═══ GIVEN DATA

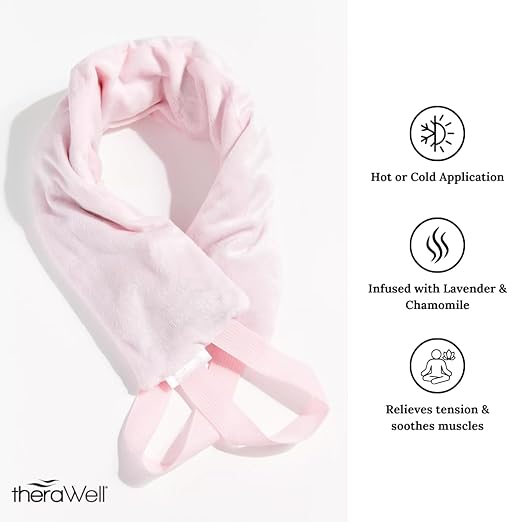 Warming Clay Bead Body Wrap Heating Pad, Perfect for Neck & Shoulder, Hot Cold Therapy Wrap with Lavender & Chamomile Scent, Pink, Pack of 1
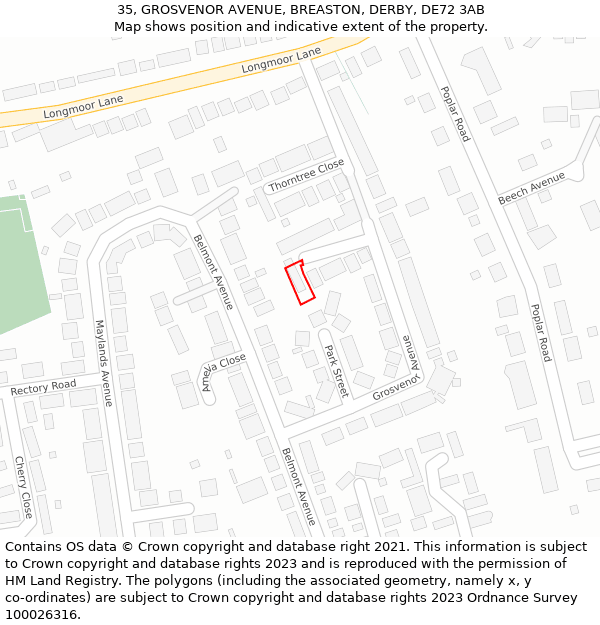 35, GROSVENOR AVENUE, BREASTON, DERBY, DE72 3AB: Location map and indicative extent of plot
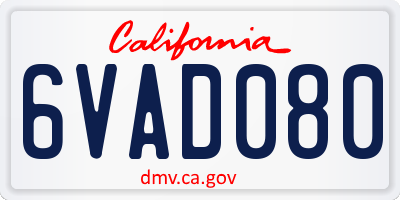 CA license plate 6VAD080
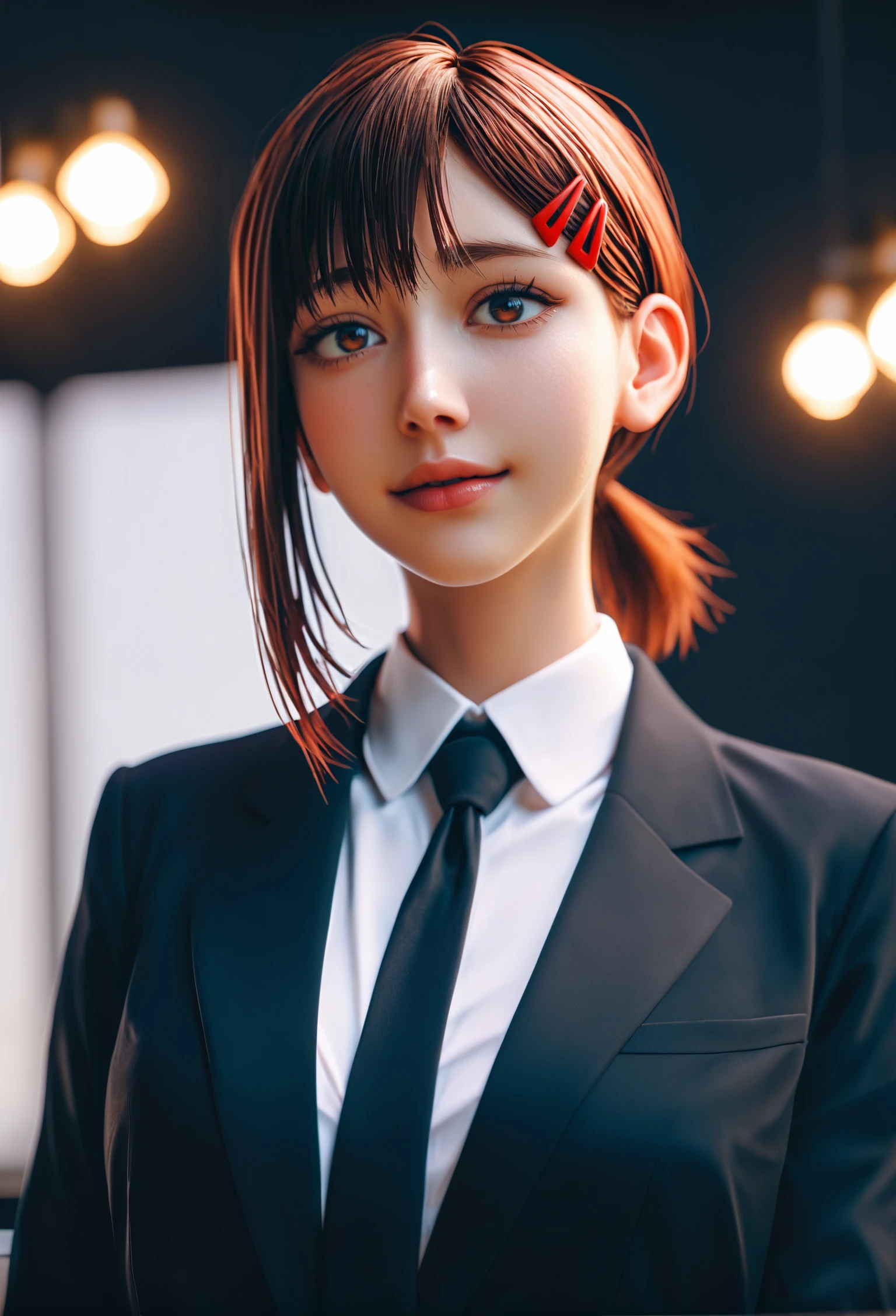 score_9, score_8_up, score_7_up, A cute girl realistic, Kobeni Higashiyama from chainsaw man,brown short ponytail with bangs/a shoulder-length hair strand hanging on the right side, two red hair clips on the left side ,brown eyes , moles on her face; two under her left eye, one on the lower right side of her mouth and one on her left cheek, anguish,wearing black suit white shirt tie and slacks,dutch angle,close up,half body shot,black background,3DCG,3D rendering,realistic,white lighting,transparent hair,blender, cinematic lighting,soft light,white rim light,high detail,hyper quality,beautiful studio lighting,unreal engine,super detailed, perfect shading,unreal engine,super detailed, 32K,8k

══════

◆ **EXERCISE REQUIREMENTS**
Output the lines of the data exactly, starting at the first and ending with the line that has "CA license plate 6VAD080". Pictures are not part of it.

◆ **RESPONSE**
 Warming Clay Bead Body Wrap Heating Pad, Perfect for Neck & Shoulder, Hot Cold Therapy Wrap with Lavender & Chamomile Scent, Pink, Pack of 1
 35, GROSVENOR AVENUE, BREASTON, DERBY, DE72 3AB: Location map and indicative extent of plot
 CA license plate 6VAD080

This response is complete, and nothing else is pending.